Leaving the pictures aside, repeat the entries exactly.

======== Data in this exercise

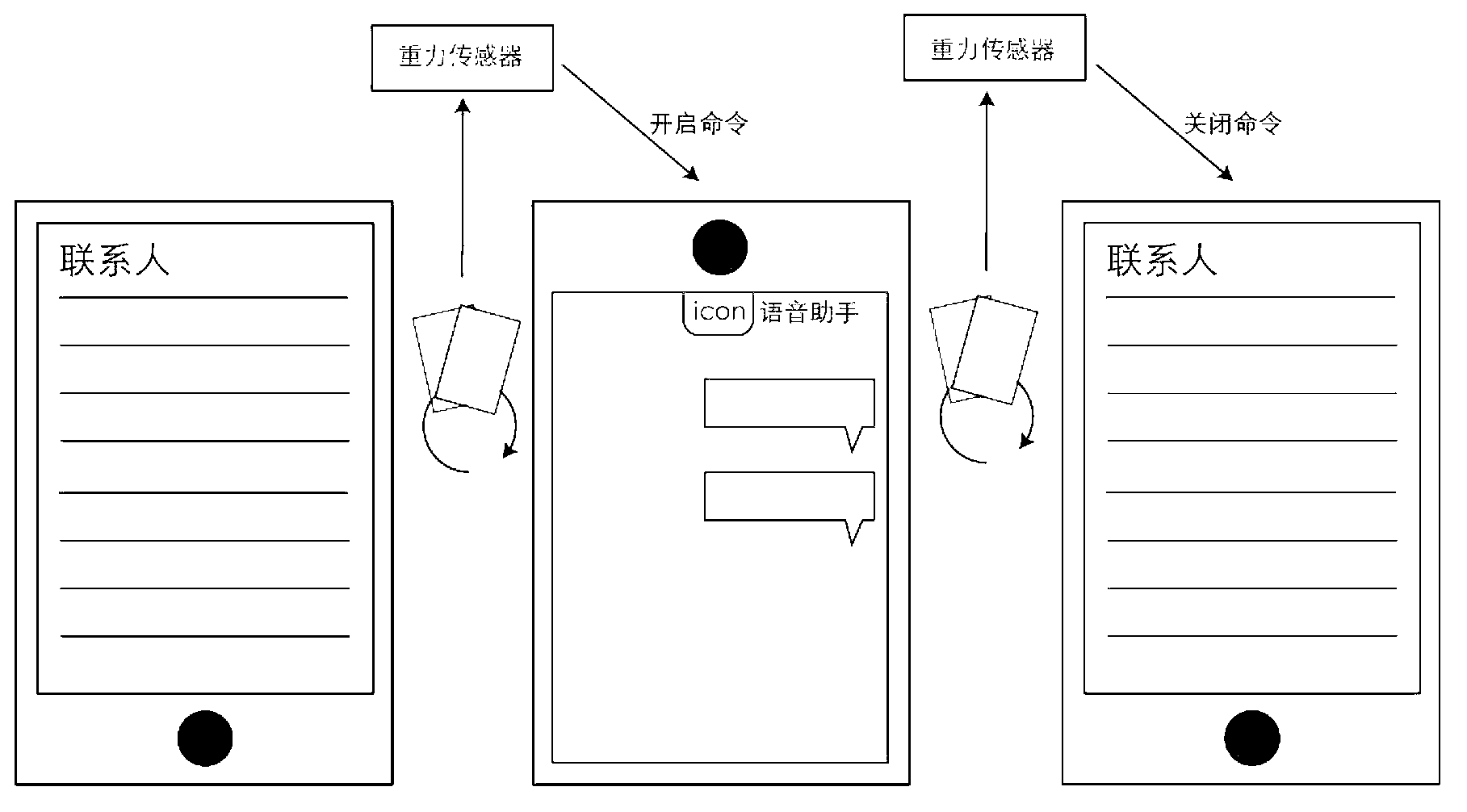 Application program control method and device based on mobile terminal and mobile terminal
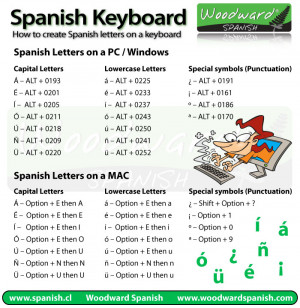 How to type Spanish letters and accents on your keyboard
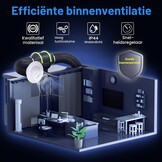 Hon&Guan Buisventilator, 100 mm, instelbaar met snelheidsregelaar, buisventilator, rookafzuiging met EU-stekker, badkamerventilator, rookafzuiging, ventilator voor kweektent, actief koolfilter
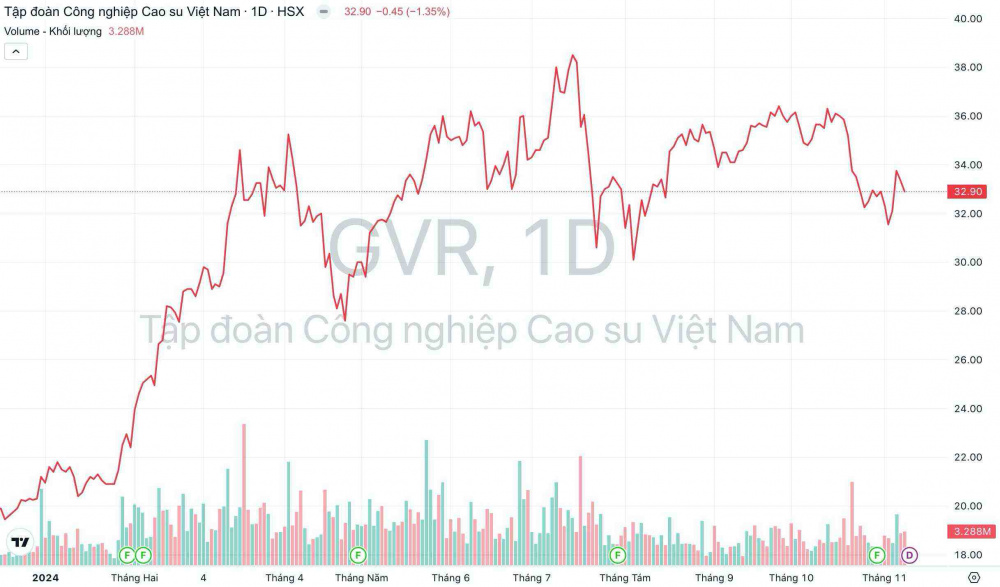 Giá cổ phiếu GVR Cao su Việt Nam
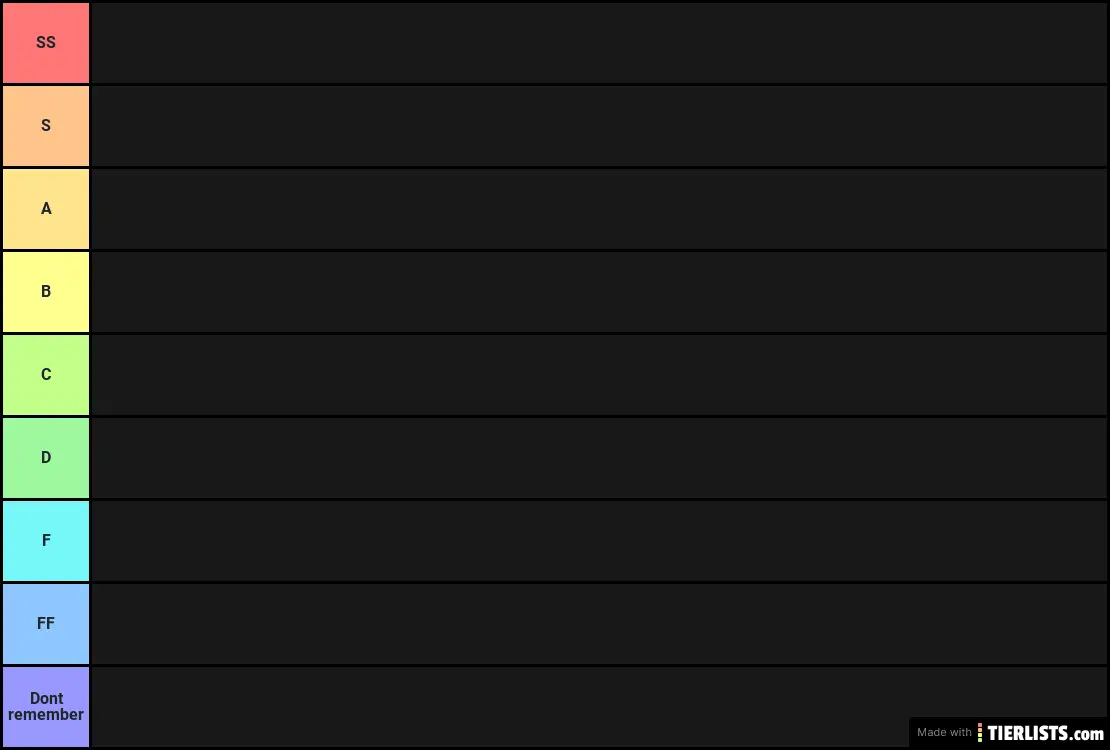 Random Disney characters tier list (101 disney characters)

================

Result of the task
 Application program control method and device based on mobile terminal and mobile terminal
 How to type Spanish letters and accents on your keyboard
 Hon&Guan Buisventilator, 100 mm, instelbaar met snelheidsregelaar, buisventilator, rookafzuiging met EU-stekker, badkamerventilator, rookafzuiging, ventilator voor kweektent, actief koolfilter
 Giá cổ phiếu GVR Cao su Việt Nam
 Random Disney characters tier list (101 disney characters)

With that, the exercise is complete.